# What you are asked to do
Everything from the line containing "Never Underestimate a" to the end of the listing is to be set down exactly, both ends included, and nothing before it.

# Given material
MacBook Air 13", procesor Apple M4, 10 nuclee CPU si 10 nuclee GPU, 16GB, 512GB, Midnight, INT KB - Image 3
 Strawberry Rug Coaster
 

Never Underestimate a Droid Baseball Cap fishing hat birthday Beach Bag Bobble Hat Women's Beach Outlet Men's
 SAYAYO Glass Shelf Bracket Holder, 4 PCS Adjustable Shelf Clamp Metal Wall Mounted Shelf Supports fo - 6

# Answer to this task
Never Underestimate a Droid Baseball Cap fishing hat birthday Beach Bag Bobble Hat Women's Beach Outlet Men's
 SAYAYO Glass Shelf Bracket Holder, 4 PCS Adjustable Shelf Clamp Metal Wall Mounted Shelf Supports fo - 6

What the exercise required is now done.